Vanuit zijn conservatieve uitgangspunt komt Roberts tot scherpe opmerkingen rond het bloedbad in Blacksburg. Van de aandrang op wapenbeperking die onvermijdelijk na elke schietpartij van deze aard weerklinkt, wil hij niets hebben. Een paar citaten:

"Zodra geweren worden verboden zal de misdaad exploderen. Huishoudens en kwetsbare mensen zullen het vermogen om zich te verdedigen kwijtraken, hetgeen meer inbraken en aanvallen zal uitlokken. Misdaden met messen zullen toenemen, zoals in Groot-Brittannië.

Een verbod op bezit van geweren zal een nieuwe industrie voor criminelen scheppen - vuurwapensmokkel en verkoop op de zwarte markt. De politie zal undercover-operaties op touw zetten en zich als zwarthandelaren in wapens opstellen, om burgers in de val te lokken die uit angst en dreiging zich van middelen voor persoonlijke veiligheid willen verzekeren."

Hij kijkt terug en constateert: "Geweren zijn er al een hele tijd, maar deze krankzinnige schietpartijen zijn een nieuwe ontwikkeling die wijzen naar een cultuur die faalt in het produceren van mensen met verantwoordelijkheidsbesef en zelfbeheersing. Toen ik een kind was, kon een jongere naar de winkel gaan en een geweer kopen, Er waren geen beperkingen. Als een kind zo jong was dat die niet over de toonbank kon kijken, dan belde de eigenaar misschien de ouders voor goedkeuring. We hadden allemaal geweren, en we schoten nooit op onszelf of op anderen. (...) Mijn grootmoeder maakte zich nooit zorgen over me, totdat ik een paard kreeg - een veel gevaarlijker ding in haar ogen dan een geweer."

De nostalgie naar een kleinsteeds fatsoenlijk Amerika is onmiskenbaar, en meer dan een beetje naïef.

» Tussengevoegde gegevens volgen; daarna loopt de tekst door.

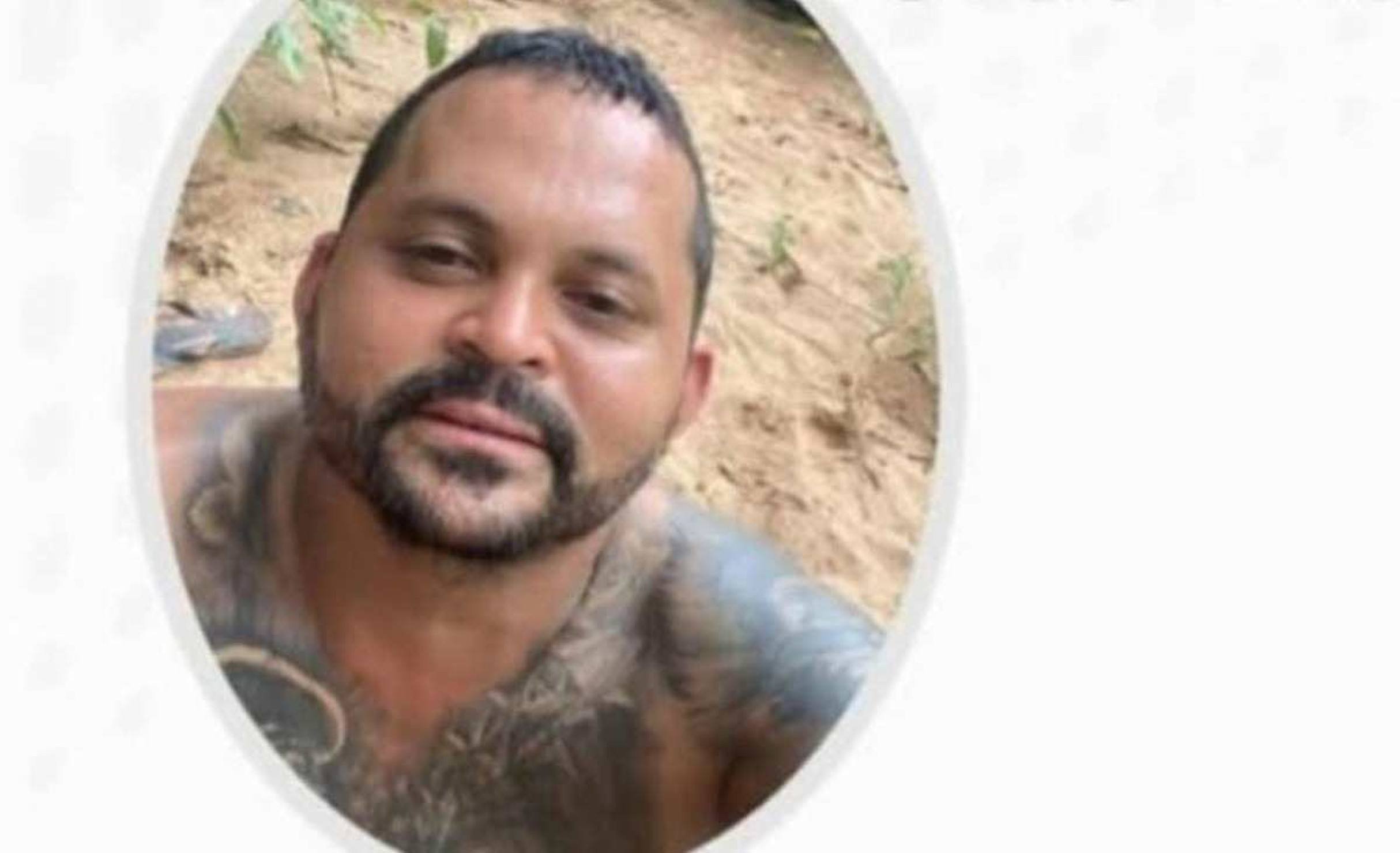 Emboscada e execução: empresário foi morto por ex-funcionários demitidos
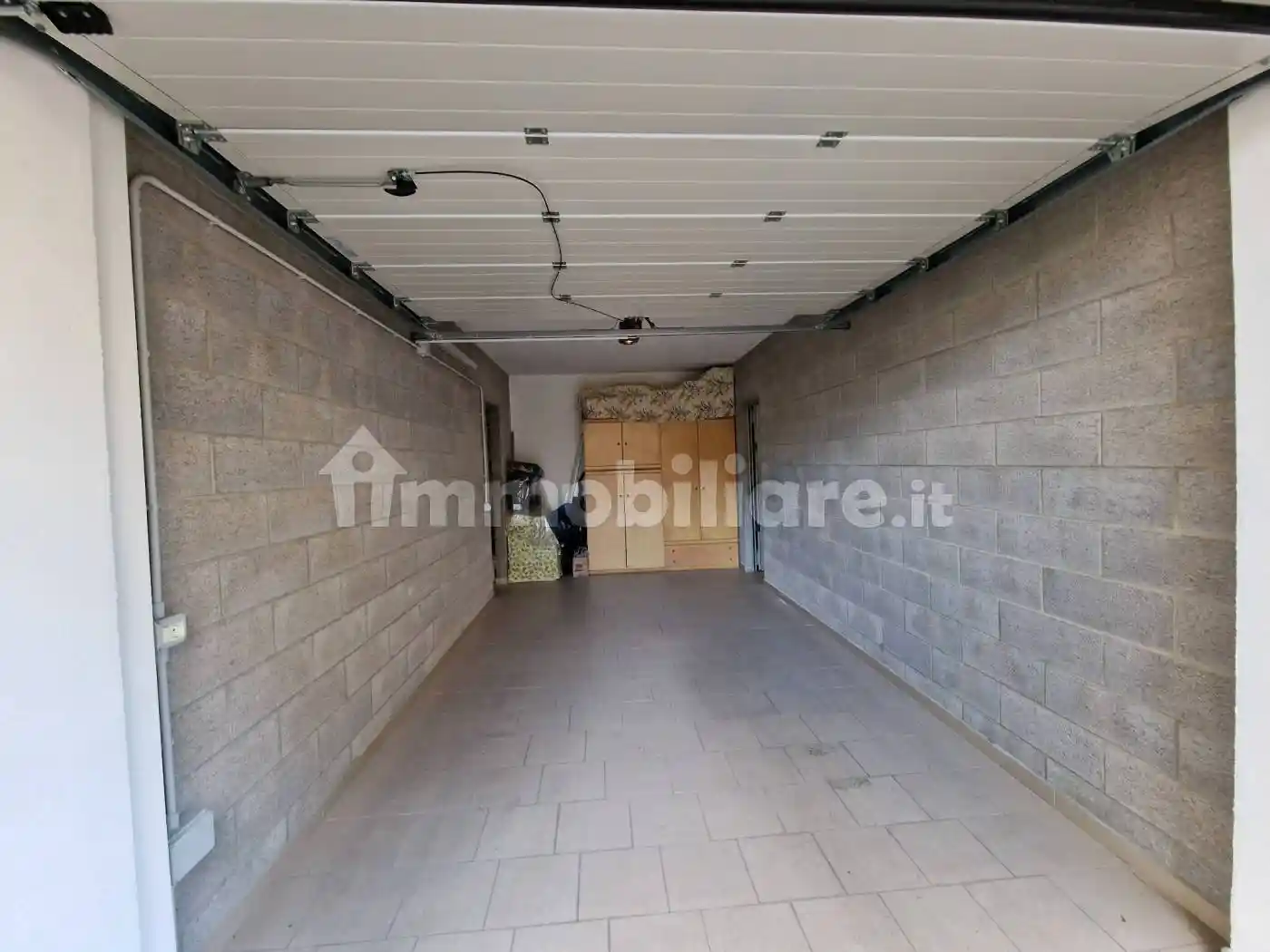 Bilocale via Gerolamo Bedoli, Centro, Viadana - foto 2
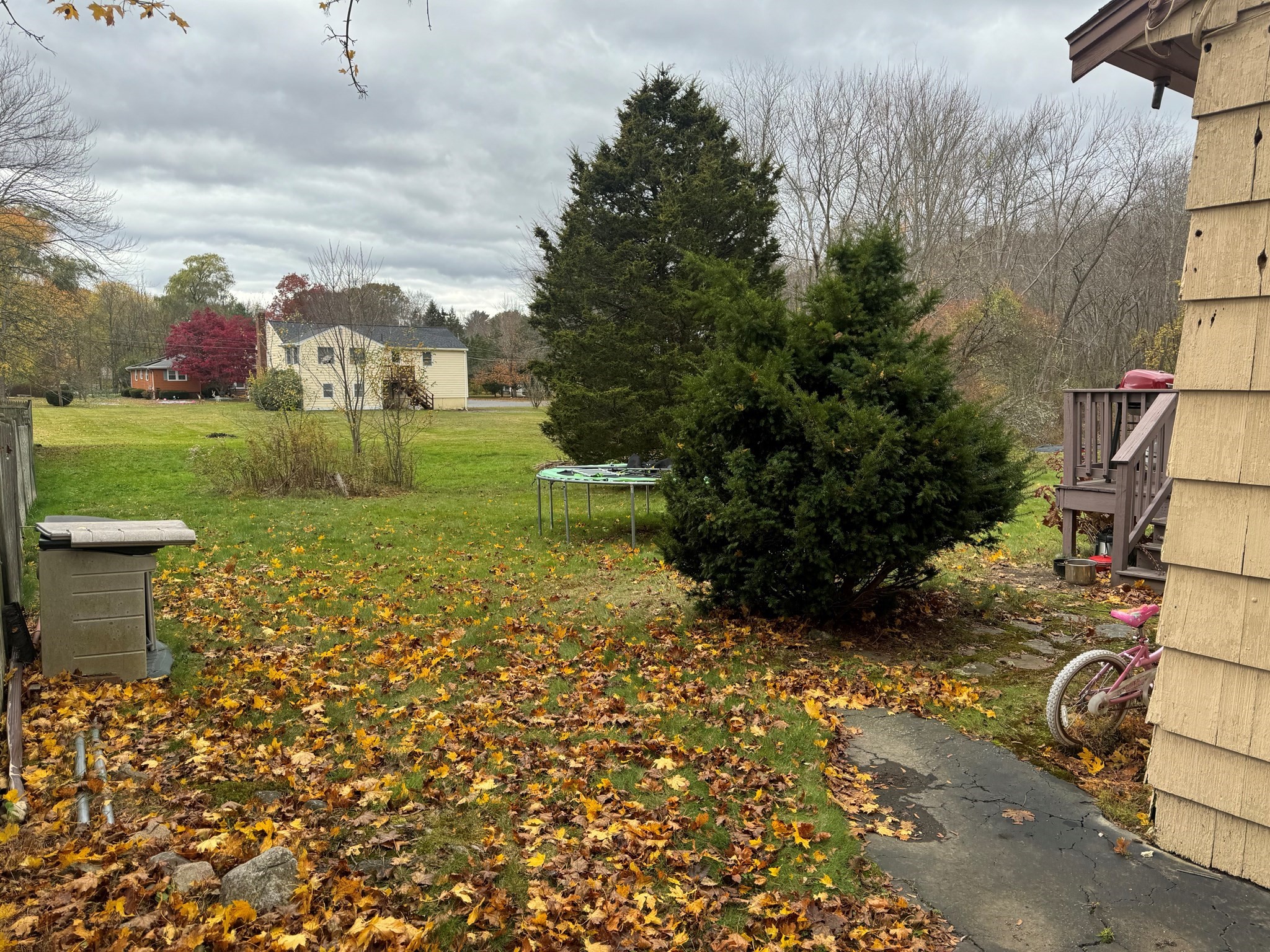 15 Stoneybrook, Burlington, MA 01803 - Image 2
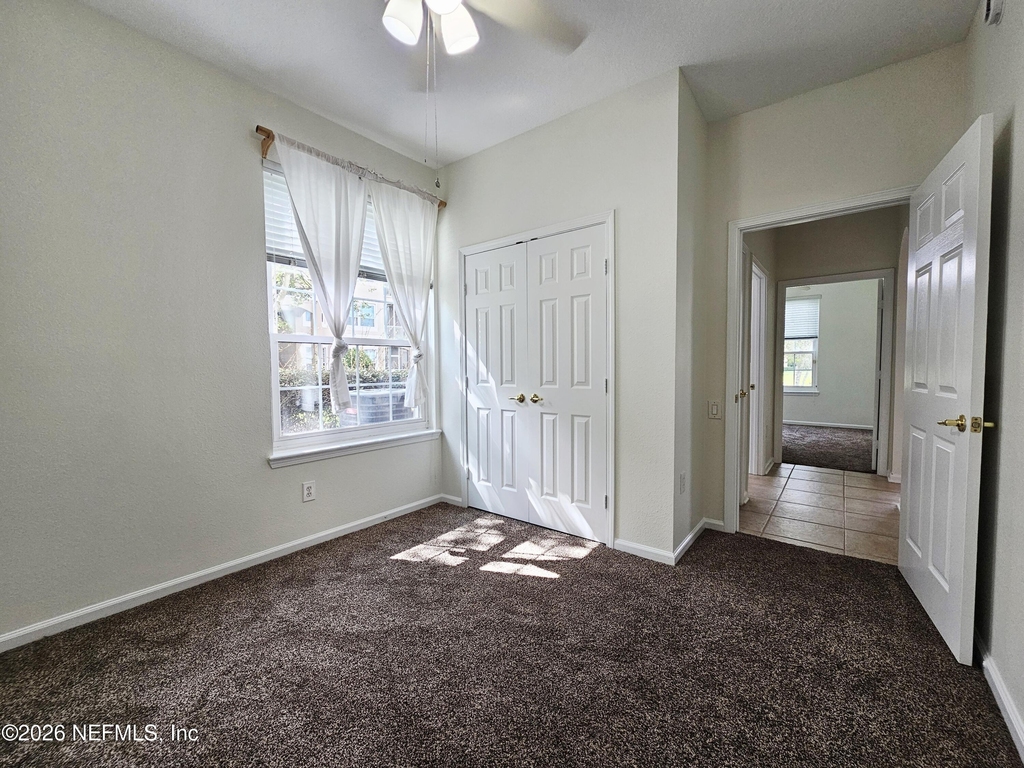 7990 Baymeadows Road E - Photo 11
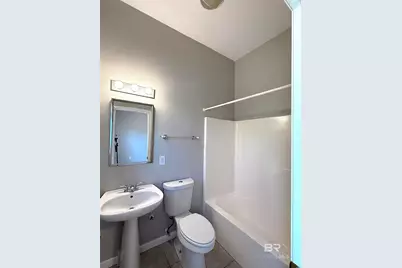 4 Yacht Club Drive #9, Daphne, AL 36526 - Photo 16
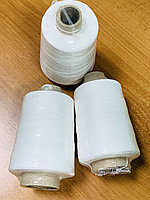 Нить х/б для прошивки документов (1000м)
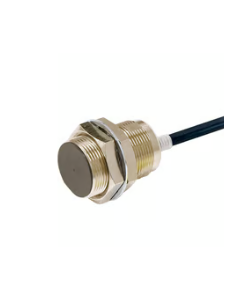 OMRON E2E-X22C3L30 2M Device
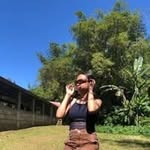 Mary Alber - @_maryzhzz - Instagram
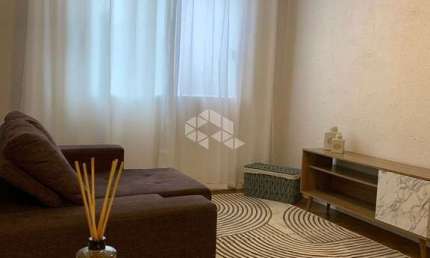 Apartamento à venda no bairro Centro, Caxias do Sul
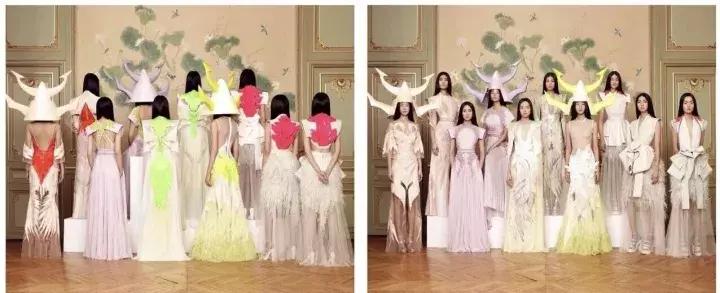 包包入门｜安利70款包包，从实习生进阶时尚女魔头！省钱保值秘笈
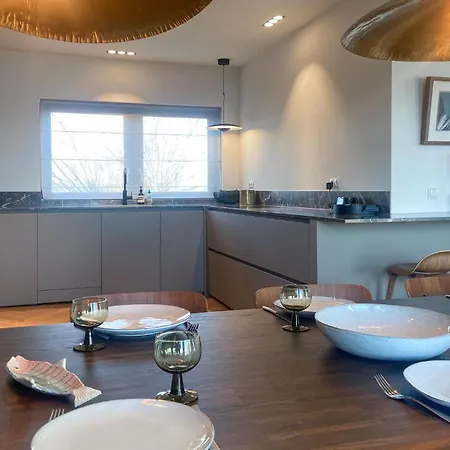 Beautiful In With Wifi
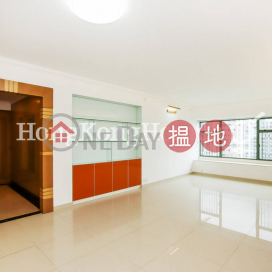 3 Bedroom Family Unit for Rent at Robinson Place | Robinson Place 雍景臺 _0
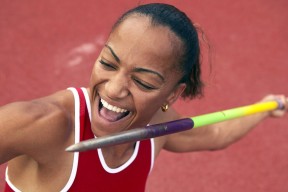 米兰MILAN电竞APP下载-中国足球球员年度成长轨迹回顾报告，中国足球球员数据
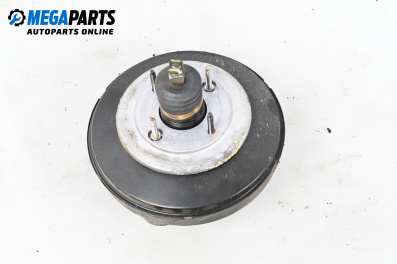 Серво усилвател за Ford Focus I Hatchback (10.1998 - 12.2007), № 03.7862-0801.4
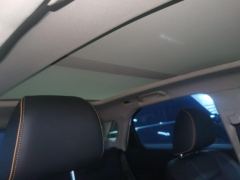 Bestune T77 PRO 280TID Luxury Version - photo 15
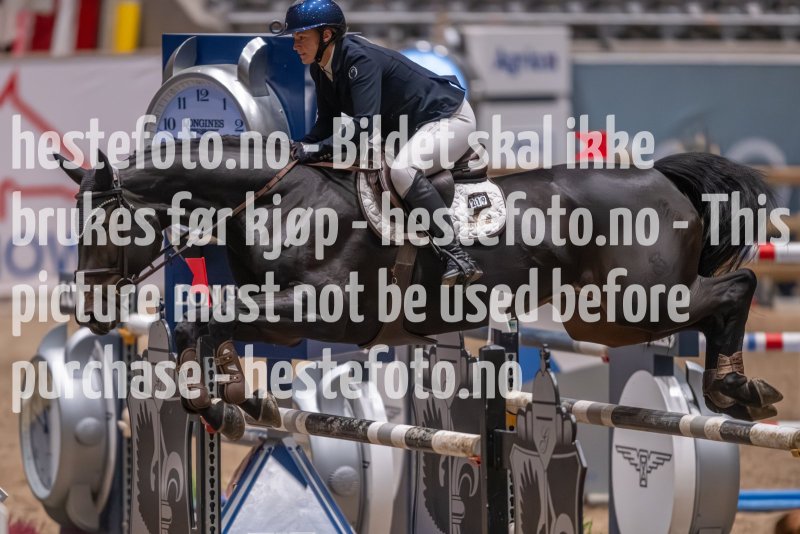 20231013-224924-215N-DSC_8560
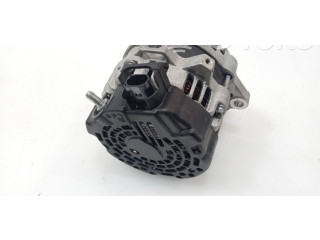 Генератор 3730007500   Hyundai Bayon       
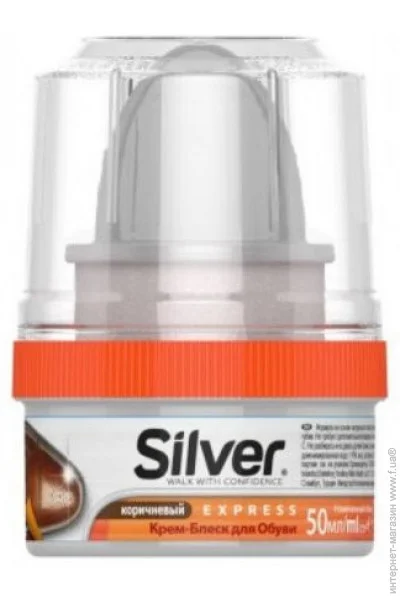 -   Silver Premium 50  (8690757001089)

De conservatieve normen-en-waarden-ondertoon is bijna tastbaar. Maar hij heeft gelijk dat de kern van de zaak niet ligt in de wapens, maar in de mensen - en in de maatschappij.

Hij zegt verder: "De verandering zit in het gedrag van mensen, niet in de aanwezigheid van schietwapens. Het verbieden van schietwapens pakt de oorzaken van willekeurig geweld niet aan. We moeten de oorzaak vinden van de ziekte in onze maatschappij die mensen produceert die hun problemen aanpakken door anderen te doden." Dat lijkt me niet onjuist.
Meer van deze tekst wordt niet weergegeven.